During the recent jury trial of the 1989 case before the undersigned, LLMD called an individual from the Jackson-Cross Company ("Jackson-Cross") as an expert witness. He testified on direct examination as to LLMD's lost profits of $6.0 million because of the alleged breach of contract. Cross-examination, however, established that his written loss computation, which was previously submitted in an expert report, contained a series of serious mathematical errors. The expert was unable to give an opinion as to the amount of LLMD's loss after those errors were exposed. As a result, this Court struck his testimony in its entirety. Before the conclusion of the trial, the parties to the action reached a settlement, and Civil Action No. 89-9163 was dismissed pursuant to Local Rule 23(b). The settlement agreement was not made part of the record in the case, was not incorporated into an order of the court, and was not approved by the court.

The written settlement agreement signed by the parties provided in relevant part:

 
[The parties] ... agree not to disclose any of the financial terms or conditions of this Settlement Agreement and General Release except as required by law or by judicial or administrative process or regulation.

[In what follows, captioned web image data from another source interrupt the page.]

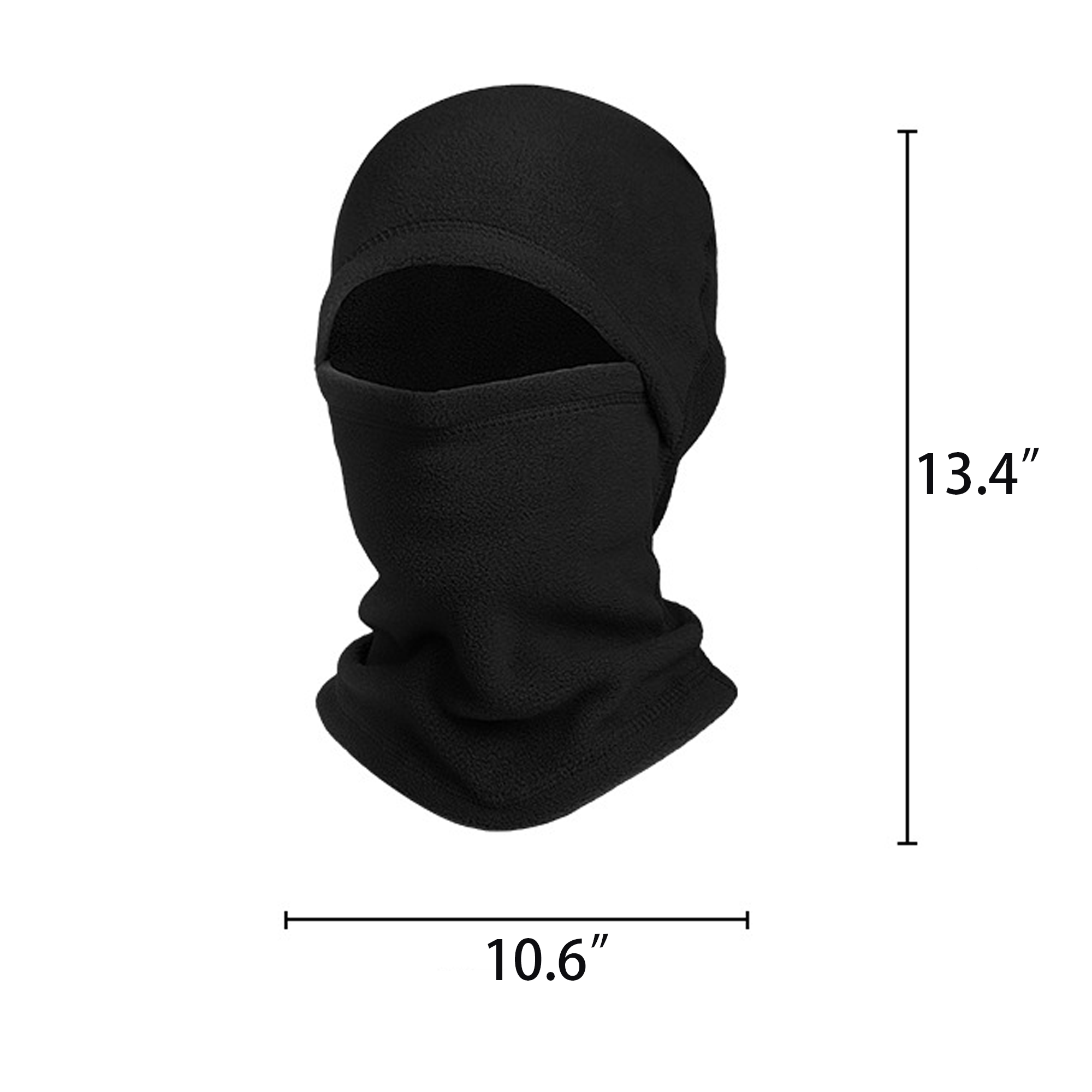 MOQ20 Winter Mask Ski Headgear Two-In-One Hat 5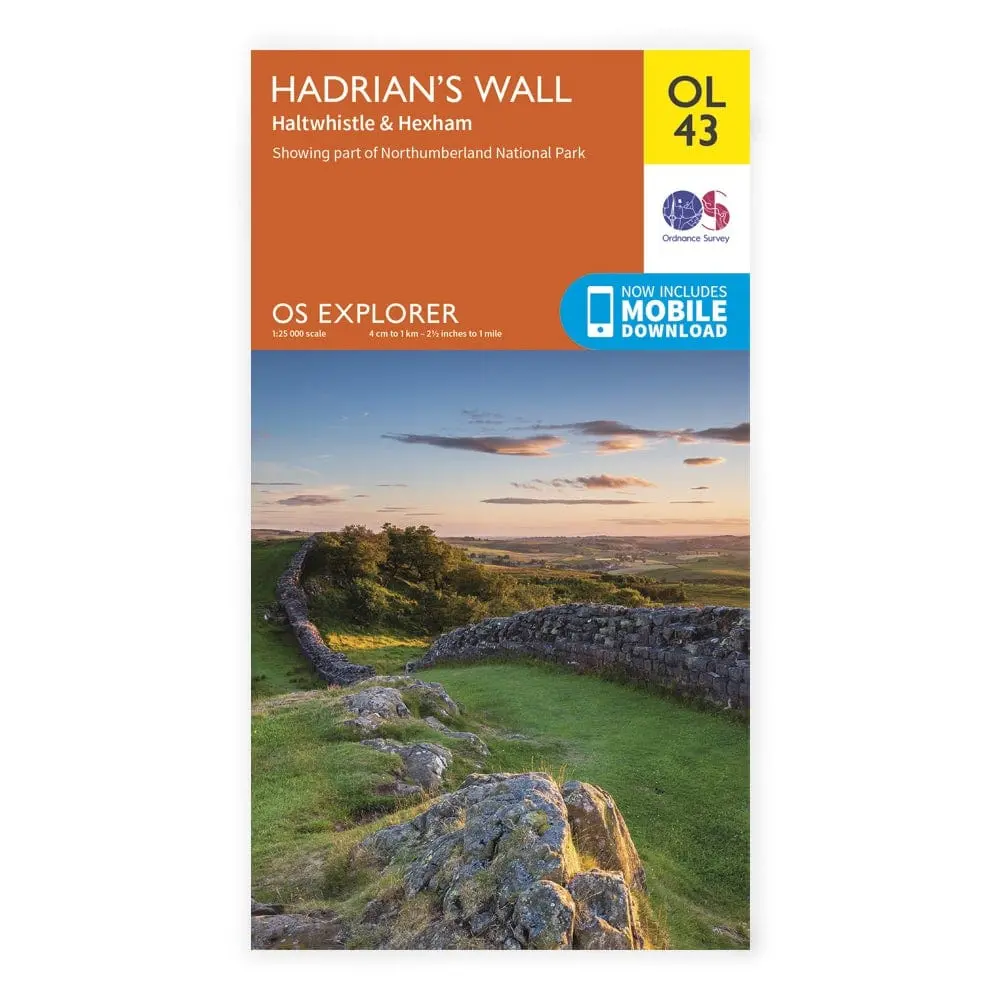 Os Explorer / Hadrians Wall 1
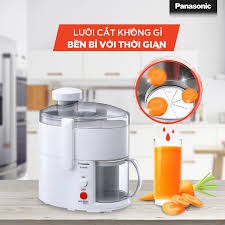 [Mã ELHA22 giảm 6% đơn 300K] Máy ép trái cây Panasonic MJ68. Hàng chính hãng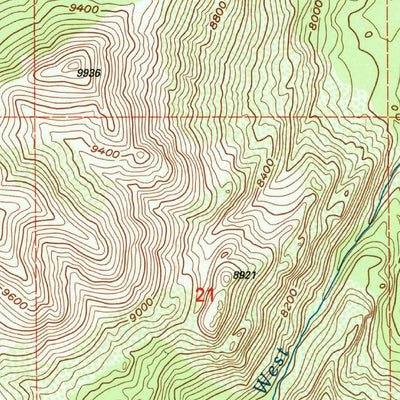 United States Geological Survey Pickel Meadow, CA (2001, 24000-Scale) digital map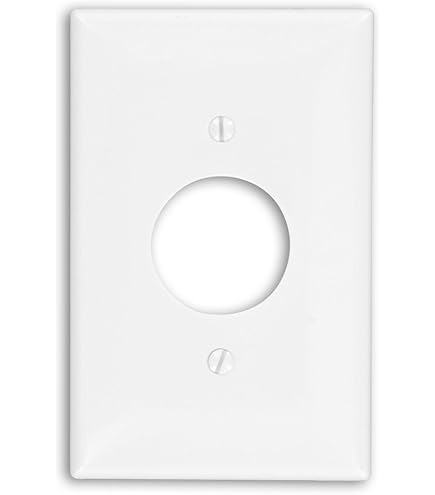 Leviton 84412-40 Placa De Pared Decora/dispositivo GFCI Decora, Acero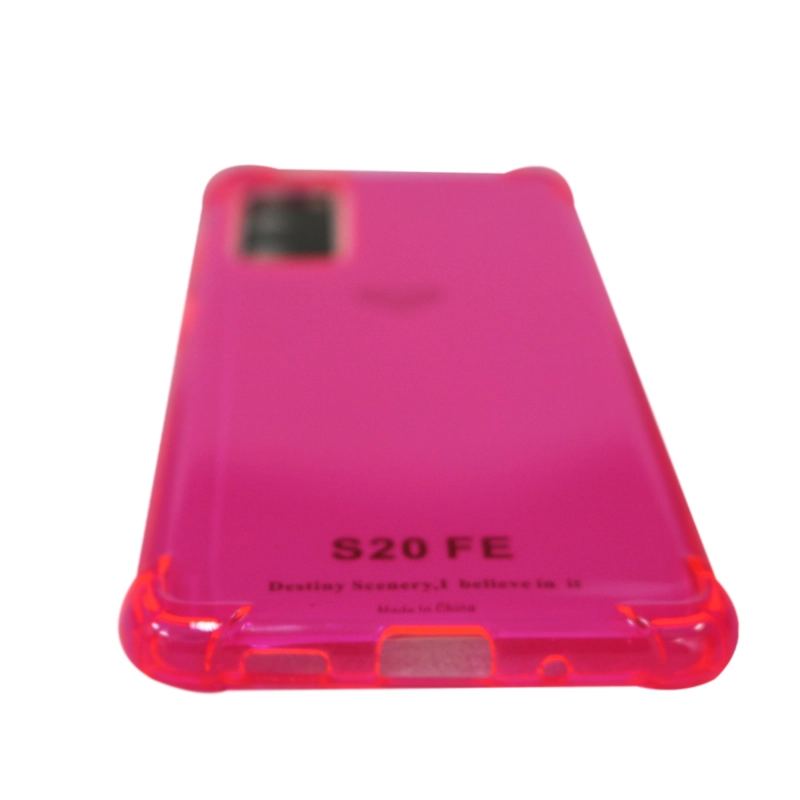 CARCASA SAMSUNG S20 FE JOIGO ANTI-SHOCK FLUOR ROSA - 3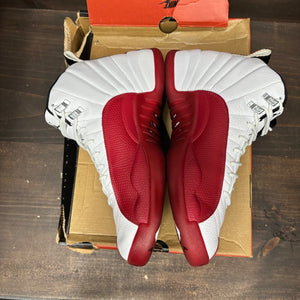 Jordan 12 Retro Cherry (2023) Size 10.5 (Pre-Owned) - tag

The non-disclosure agreement set forth in this paragraph is a material inducement to Marine and USLIFE to enter into this Settlement Agreement and General Release.... (emphasis added).

Within a number of weeks after the dismissal of Civil Action No. 89-9163, LLMD brought an action against Jackson-Cross in the Court of Common Pleas of Philadelphia County, Pennsylvania claiming that LLMD had accepted "a settlement for an amount far less than the lost profits [it] sustained" as a consequence of the expert's errors. The relief sought in that action is reimbursement for the expert's corrected calculation of $2.7 million in lost profits, minus the amount which LLMD actually accepted in the settlement of Civil Action No. 89-9163. Accordingly, *372 the settlement amount in the 1989 action is indeed relevant, if not central, to LLMD's action in the Court of Common Pleas. While LLMD was careful not to set forth in its state court complaint the amount of the settlement of the federal action, there can be no doubt that this information will have to be divulged at some early point in discovery and ultimately at trial.

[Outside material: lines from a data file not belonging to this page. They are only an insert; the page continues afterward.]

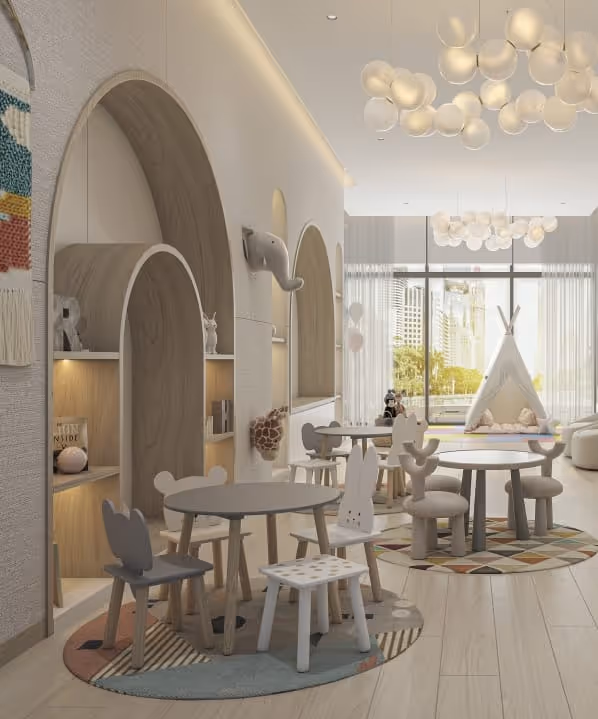 apartaments; commercial_Creek Views 3_al-jaddaf_azizi-developments_Green City Real Estate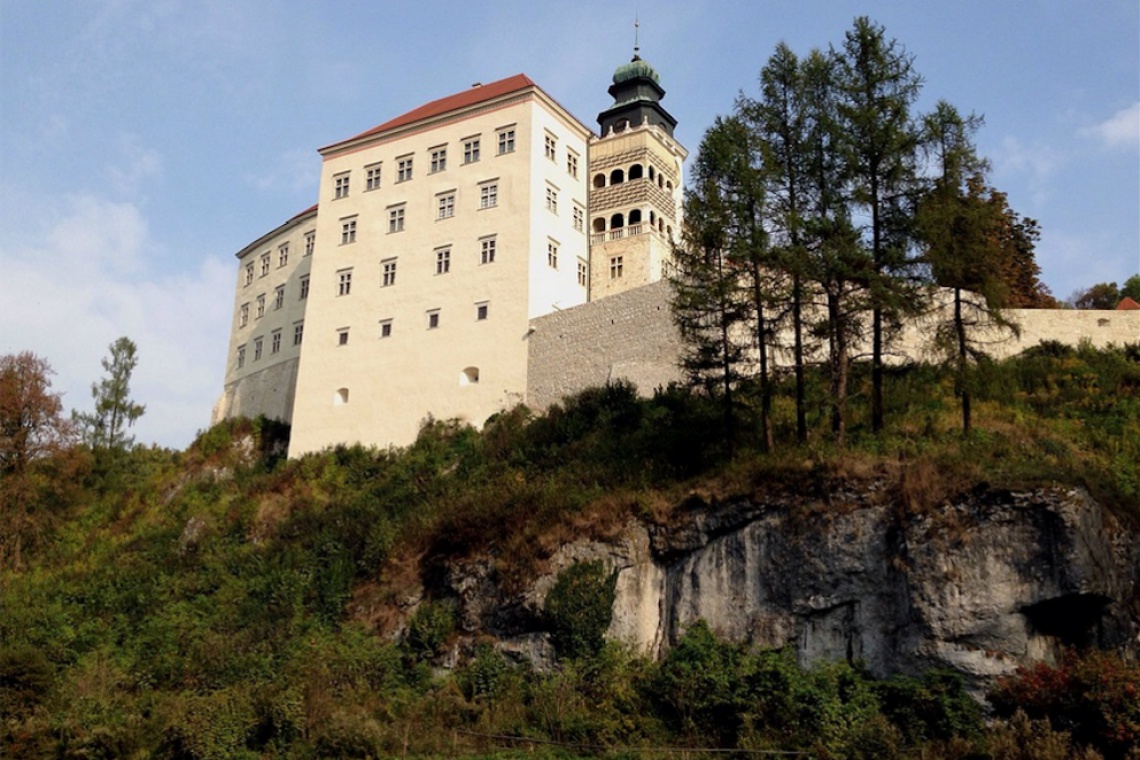 Pieskowa Skała, fot. Pixabay To najcenniejsza część zamku w Pieskowej Skale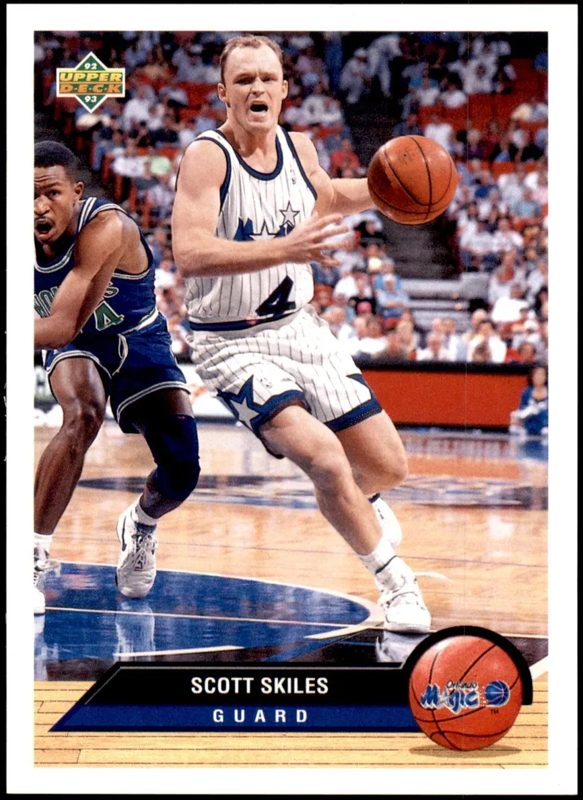 Scott Skiles, 1992 Upper Deck Basketball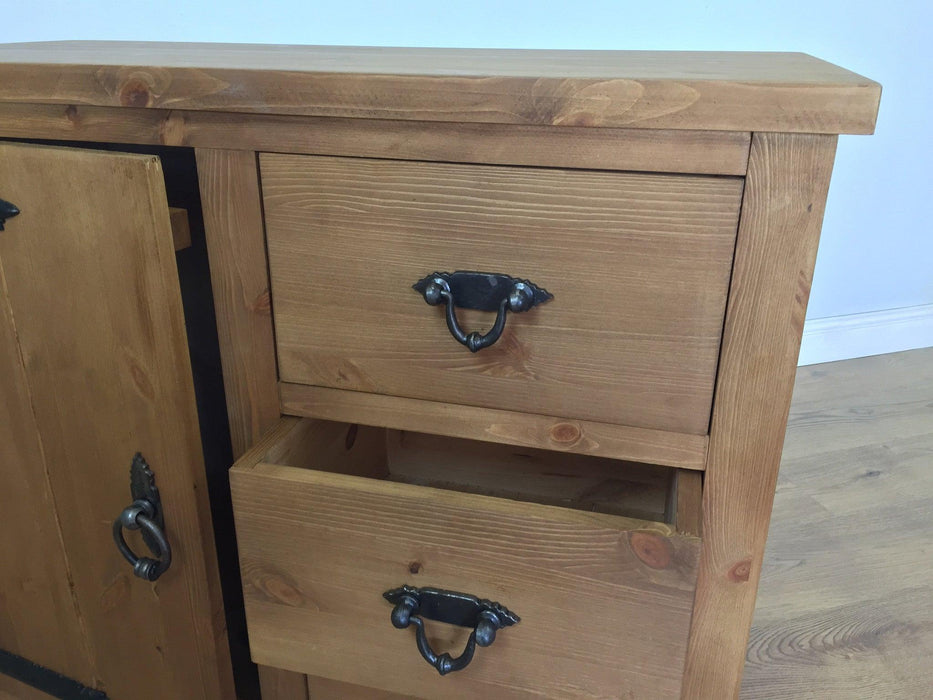 The Authentic Waxed Storage Sideboard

After learning of the pendency of the state action against Jackson-Cross, Marine Midland and USLIFE filed a motion with this Court, in Civil Action No. 89-9163, to preclude LLMD and the law firm representing those parties, from disclosing, in connection with that state court action, the financial terms of the settlement. The motion for an injunction proceeded to a final hearing before this Court on March 26, 1993. On that same day, however, the Court of Appeals for the Third Circuit decided Sawka v. Healtheast, Inc., 989 F.2d 138, 141 (3rd Cir. 1993). That court held:

 
... unless a settlement is part of the record, incorporated into an order of the district court, or the district court has manifested an intent to retain jurisdiction, it has no power beyond the Rules of Civil Procedure to exercise jurisdiction over a petition to enforce a settlement ...

We called this case to the attention of counsel, who then filed supplemental briefs. Based on Sawka, this Court denied the motion for injunction for lack of jurisdiction. In the meantime, Marine Midland and USLIFE brought the present independent diversity action which also seeks "to enjoin violation of [the] settlement agreement." The parties have agreed that the testimony taken at the final injunction hearing in Civil Action No. 89-9163 should be incorporated by reference here.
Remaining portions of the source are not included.